25 Oct How Would the 4-Day Work Week Experiment in Japan Work in Silicon Valley?
Did you hear about the Microsoft 4-day work week experiment in Japan? Many publications reported it as a roaring success, but no one seems to know if that remained an experiment. It turns out the second experiment will be conducted in winter, but who would like that experiment undertaken also in Silicon Valley?
For those who haven’t heard the story, Microsoft’s Japan office experimented with a four day work-week in August. The reports were glowing: 40 percent increase in productivity boost. Even more remarkable for a culture used to pushing work to the limits, 90 percent said they preferred the shorter week. For the hardest-working nation in the world, that was a paradigm shift in thinking.
But it simply makes sense if you’re like social media guru Gary Vaynerchuk who has said he brings high energy to his work 8 hours in a day. It does depend on the energy level you bring to work, more than about showing up for work, the latter being the predominant work culture in Asia. Has anyone actually measured the energy level they bring to a job? That is one yardstick not being used in workplaces.

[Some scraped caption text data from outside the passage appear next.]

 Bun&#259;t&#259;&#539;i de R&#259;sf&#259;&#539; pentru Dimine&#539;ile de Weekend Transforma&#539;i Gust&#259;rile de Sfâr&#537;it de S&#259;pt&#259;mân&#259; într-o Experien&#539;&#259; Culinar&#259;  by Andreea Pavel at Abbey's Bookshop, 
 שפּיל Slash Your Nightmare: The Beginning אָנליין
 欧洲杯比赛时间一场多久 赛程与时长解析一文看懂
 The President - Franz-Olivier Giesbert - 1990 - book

In any case, it’s good to hear Microsoft did this experiment in Japan, as most workers in Asia work longer hours, including weekends, compared to their Western counterparts. But what many realize these days, even from workers in Silicon Valley, it’s not how many hours you put in, but how smart you work.

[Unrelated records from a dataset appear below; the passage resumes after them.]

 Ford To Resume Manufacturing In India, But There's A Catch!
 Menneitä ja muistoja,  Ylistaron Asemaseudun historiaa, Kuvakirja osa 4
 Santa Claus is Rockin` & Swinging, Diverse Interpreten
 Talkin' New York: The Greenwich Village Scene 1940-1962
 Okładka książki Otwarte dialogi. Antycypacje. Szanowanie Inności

In 2015, Japan’s culture of overwork came to a head when a Dentsu employee died by suicide on Christmas Day after doing excessive overtime work. In 2017, a Japanese reporter died after clocking 159 hours of overtime a month before her death.
These incidents resulted in the popularity of the word “karoshi,” meaning “death by overwork.” But there’s hope. Japan has since introduced “workstyle reform” to Japan, including an annual cap of 720 overtime hours per person. And if Microsoft’s 4-day work week experiment works in Japan, then it can work everywhere. Also, this video from a popular popular YouTuber in Japan has a contrasting viewpoint.
Efficiency needs to be redefined in light of the Microsoft Japan experiment, considering the results from the first experiment sparked interesting insights:
- Microsoft Japan reported it used about 23 percent less electricity and printed around 59 percent fewer pages during the experiment.
- Microsoft Japan will conduct a second experiment over the winter and will encourage more flexible working, but it won’t include the shorter work week
- But previous studies show that giving employees more flexibility increases productivity; a New Zealand company permanently adopted the four day workweek in 2018, after a trial resulted in a 24 percent productivity increase.
- The Harvard Business Review reported that a Chinese travel agency experienced a 13 percent productivity boost when it allowed call center employees to work from home.
- In the U.S., a 2017 Stanford University study found the average worker is willing to give up 20 percent of their pay to avoid their schedule being set with short notice, and 8 percent of their pay in exchange for the option to work from home.
- A work-from-anywhere program for patent examiners at the U.S. Patent and Trademark Office showed productivity gains of 4.4 percent, according to a 2019 working paper by the Harvard Business School.
Would this work in highly competitive USA? A company in Portland experimented with a four day work week before returning to a five day schedule, because the owner realized a shorter week meant its competitors had a leg up.
How would the Googles of the world enact a 4-day work week? It’d be interesting to find out from the tech giants in San Jose, as some have said work in any of them feels like a 4-day work week anyway because they offer flexibility and more specific workloads plus the conveniences of living close to work.